Re: [RFC PATCH] radio-mr800: locking fixes

[Date Prev][Date Next][Thread Prev][Thread Next][Date Index][Thread Index]

 



On Mon, Oct 18, 2010 at 10:35 AM, David Ellingsworth
<david@xxxxxxxxxxxxxxxxx> wrote:
> On Mon, Oct 18, 2010 at 10:18 AM, Hans Verkuil <hverkuil@xxxxxxxxx> wrote:
>>
>>> On Mon, Oct 18, 2010 at 9:38 AM, Hans Verkuil <hverkuil@xxxxxxxxx> wrote:
>>>>
>>>>> On Sun, Oct 17, 2010 at 8:26 AM, Hans Verkuil <hverkuil@xxxxxxxxx>
>>>>> wrote:
>>>>>> - serialize the suspend and resume functions using the global lock.
>>>>>> - do not call usb_autopm_put_interface after a disconnect.
>>>>>> - fix a race when disconnecting the device.
>>>>>>
>>>>>> Reported-by: David Ellingsworth <david@xxxxxxxxxxxxxxxxx>
>>>>>> Signed-off-by: Hans Verkuil <hverkuil@xxxxxxxxx>
>>>>>> ---
>>>>>>  drivers/media/radio/radio-mr800.c |   17 ++++++++++++++---
>>>>>>  1 files changed, 14 insertions(+), 3 deletions(-)
>>>>>>
>>>>>> diff --git a/drivers/media/radio/radio-mr800.c
>>>>>> b/drivers/media/radio/radio-mr800.c
>>>>>> index 2f56b26..b540e80 100644
>>>>>> --- a/drivers/media/radio/radio-mr800.c
>>>>>> +++ b/drivers/media/radio/radio-mr800.c
>>>>>> @@ -284,9 +284,13 @@ static void usb_amradio_disconnect(struct
>>>>>> usb_interface *intf)
>>>>>>        struct amradio_device *radio =
>>>>>> to_amradio_dev(usb_get_intfdata(intf));
>>>>>>
>>>>>>        mutex_lock(&radio->lock);
>>>>>> +       /* increase the device node's refcount */
>>>>>> +       get_device(&radio->videodev.dev);
>>>>>>        v4l2_device_disconnect(&radio->v4l2_dev);
>>>>>> -       mutex_unlock(&radio->lock);
>>>>>>        video_unregister_device(&radio->videodev);
>>>>>> +       mutex_unlock(&radio->lock);
>>>>>> +       /* decrease the device node's refcount, allowing it to be
>>>>>> released */
>>>>>> +       put_device(&radio->videodev.dev);
>>>>>>  }
>>>>>
>>>>> Hans, I understand the use of get/put_device here.. but can you
>>>>> explain to me what issue you are trying to solve?
>>>>> video_unregister_device does not have to be synchronized with anything
>>>>> else.

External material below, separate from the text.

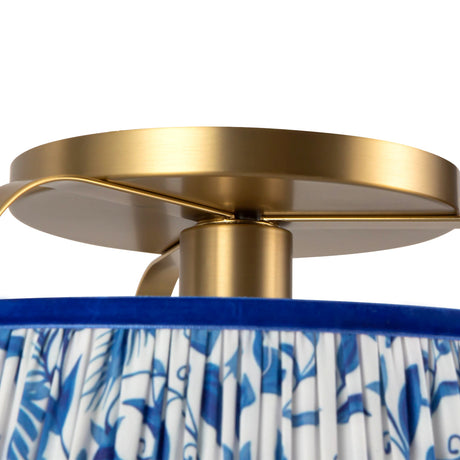 Alora Mood Scout 13-in Semi-Flush Mount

Thus, it is perfectly safe to call video_unregister_device while
>>>>> not holding the device lock. Your prior implementation here was
>>>>> correct.
>>>>
>>>> This the original sequence:
>>>>
>>>>       mutex_lock(&radio->lock);
>>>>       v4l2_device_disconnect(&radio->v4l2_dev);
>>>>       mutex_unlock(&radio->lock);
>>>>       video_unregister_device(&radio->videodev);
>>>>
>>>> The problem with this is that userspace can call open or ioctl after the
>>>> unlock and before the device node is marked unregistered by
>>>> video_unregister_device.
>>>>
>>>> Once you disconnect you want to block all access (except the release
>>>> call).
>>>> What my patch does is to move the video_unregister_device call inside
>>>> the
>>>> lock, but then I have to guard against the release being called before
>>>> the
>>>> unlock by increasing the refcount.
>>>>
>>>> I have ideas to improve on this as this gets hairy when you have
>>>> multiple
>>>> device nodes, but I wait with that until the next kernel cycle.
>>>>
>>>> Regards,
>>>>
>>>>         Hans
>>>>
>>>
>>> I think you're trying to solve a problem that doesn't exist.

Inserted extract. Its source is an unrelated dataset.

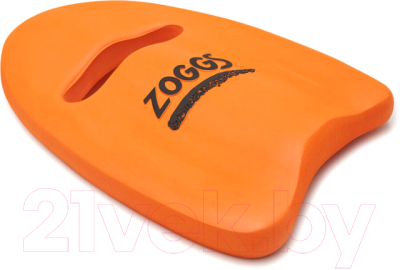 Доска для плавания ZoggS EVA Kick Board Small / 311645 (S, оранжевый)
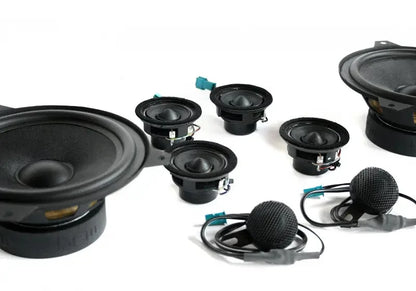 BavSound Stage One Speaker Upgrade - E46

>>> To be a little more specific we have the following:
>>>
>>> 1. video_register_device - increments device refcount
>>> 2. video_unregister_device - decrements device refcount
>>> 3. v4l2_open - increments device refcount
>>> 4. v4l2_release - decrements device refcount
>>>
>>> Keeping this in mind, the release callback of video_device is called
>>> only when the device count reaches 0.
>>>
>>> So under normal operation we have:
>>>
>>> 1. video_register_device -> device refcount incremented to 1
>>> 2. v4l2_open -> device refcount incremented to 2
>>> 3. v4l2_release -> device refcount decremented to 1
>>> 4. disconnect callback: video_unregister_device -> device refcount
>>> decremented to 0 & release callback called.
>>>
>>> If the user disconnects the device while it's open we have the following:
>>>
>>> 1. video_register_device -> device refcount incremented to 1
>>> 2. v4l2_open -> device refcount incremented to 2
>>> 3. disconnect callback: video_unregister_device -> device refcount
>>> decremented to 1
>>> 4. v4l2_release -> device refcount decremented to 0 & release callback
>>> called.
>>>
>>> In the above case, once video_unregister_device has been called, calls
>>> to open no longer will work. However, the user holding the currently
>>> open file handle can still call ioctl and other callbacks, but those
>>> should be met with an -EIO, forcing them to close the open handle. The
>>> original code did this by using the usb device as an indicator to see
>>> if the device was still connected, as this functionality was not in
>>> v4l2_core. On the other hand, v4l2_core could do this for us, just by
>>> checking if the device is still registered.
>>>
>>> As you can see from the above, there are no race conditions here.
>>
>> Yes there is a race: what you want is that in the disconnect function you
>> can safely clean up any data structures or whatever in the knowledge that
>> once the device nodes are unregistered only the release call can reach the
>> driver. All other calls (open, ioctl, etc) are blocked by the v4l core.
>>
>> In order to do this you have to unregister the device nodes while the lock
>> is held. In the original code the device node was unregistered without the
>> lock being held, so that would allow userspace to sneak in a e.g. open()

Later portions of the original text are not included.